Or should it be “required” only when in the test environment? In which case which approach would you recommend to require this?
Cheers
Hi Paul,
It feels like to me, this is a combination between the builder and the factory pattern, something that I’ve been favouring more so on my projects. It looks a lot more elegant in Ruby of course!
Cheers.
Hey Pat,
We actually started with something that was more like builder, but the complexity was getting in the way, so we simplified to the solution above.
Thanks for this, it is a good way to handle default values. I found one problem, in that if you have a class called (say) ‘Name’ you can get a conflict in your name spaces and some weird errors come up when you inadvertently overwrite various methods in ActiveRecord::Base because of the class_eval include at the bottom of the factory.rb file.

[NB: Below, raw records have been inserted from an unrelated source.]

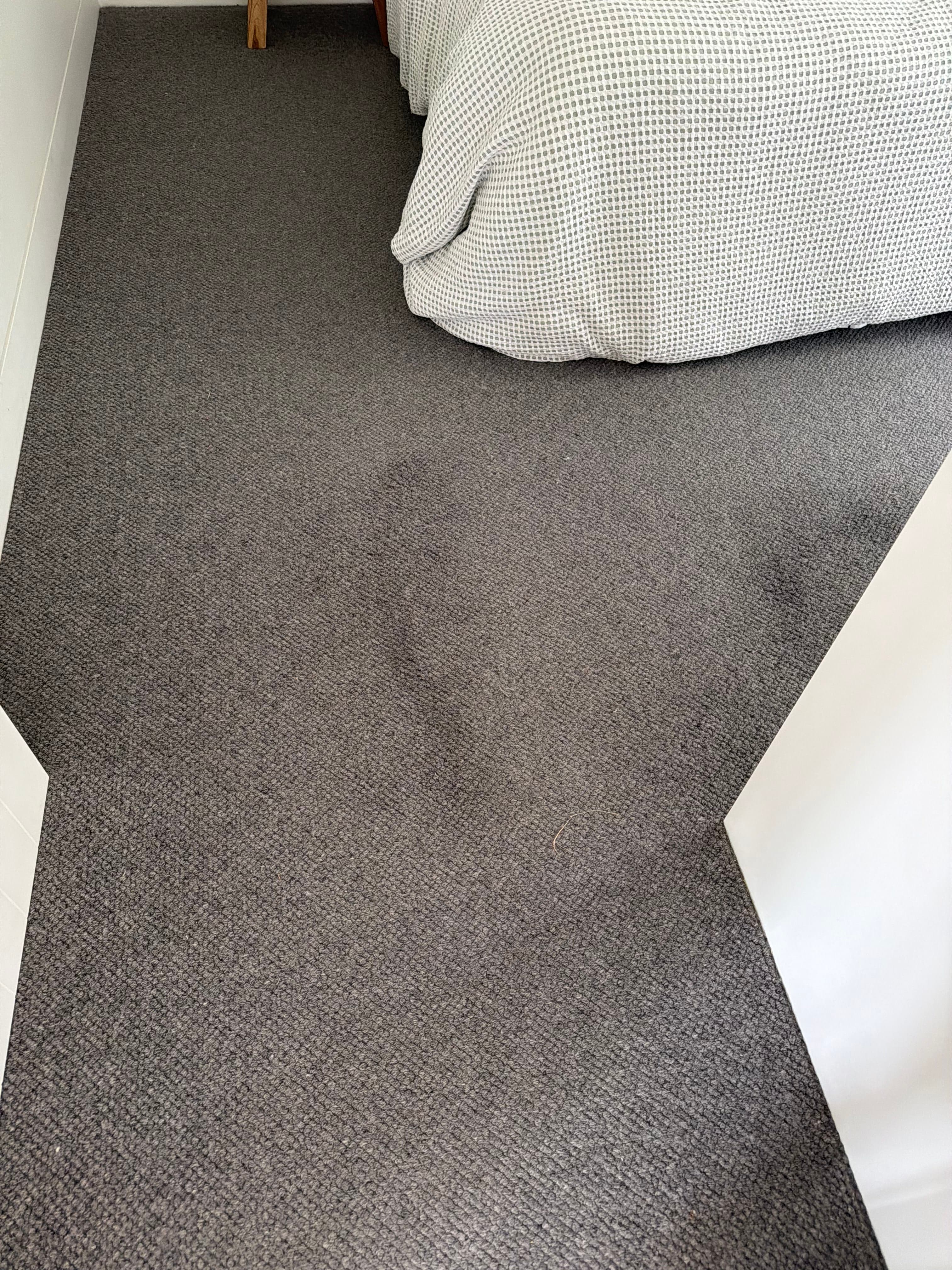 Carpet Cleaning before cleaning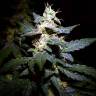 Семена марихуаны Auto Jack feminised GanjaLiveSeeds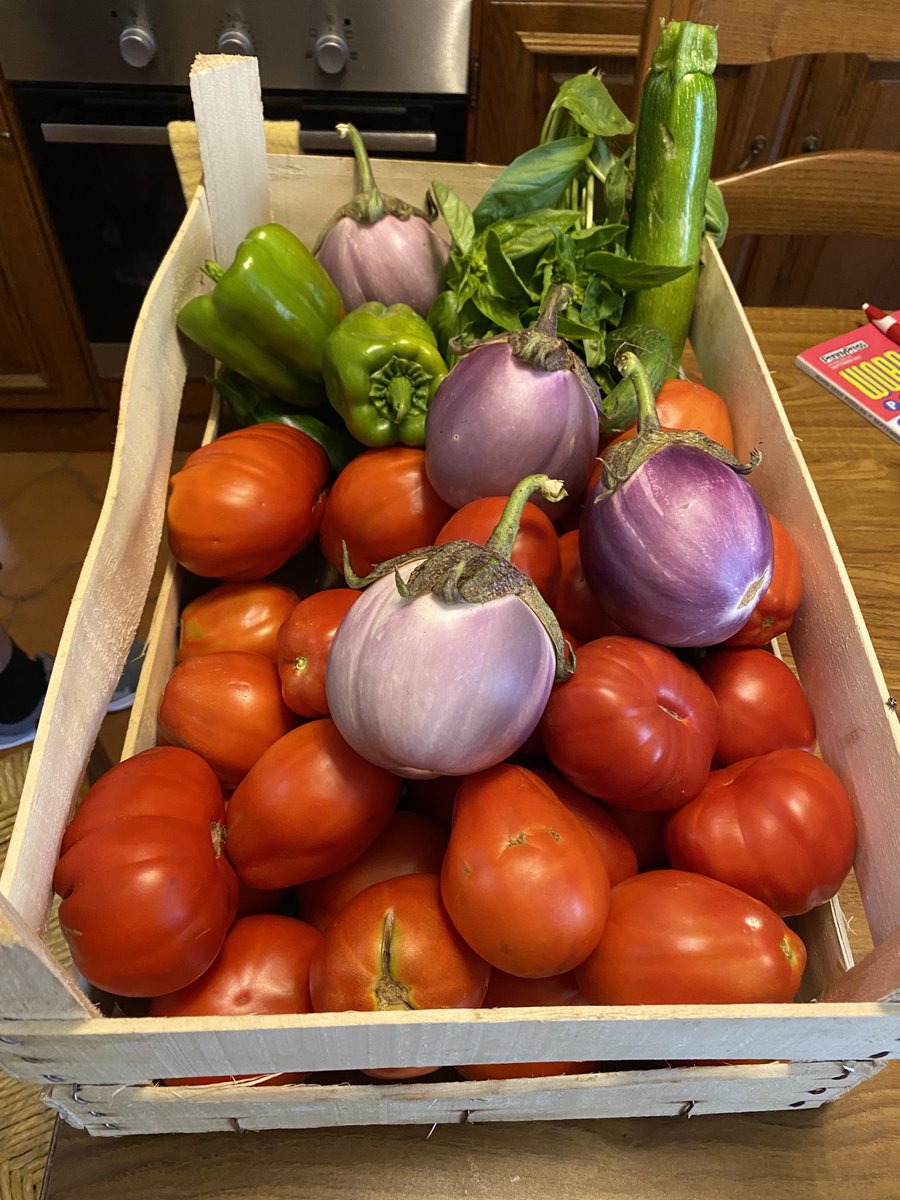 Randye Giammarco tweet media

Fixing it was simple, just prefix the def paperboy, customer etc methods with some arbitrary thing like’_factory_’ and then change the build method like this:
unless self.respond_to?(“_factory_#{self.name.underscore}”)
and
new(self.send(“_factory_#{self.name.underscore}”).merge(params))
Don’t know how all that will come out in Textile, but we’ll see
This way you don’t get any class method clashes.
Mikel
Hi Greg, we put this file into the test (or spec) folder and then require it from test_helper (or spec_helper). This makes it available for tests and nothing else.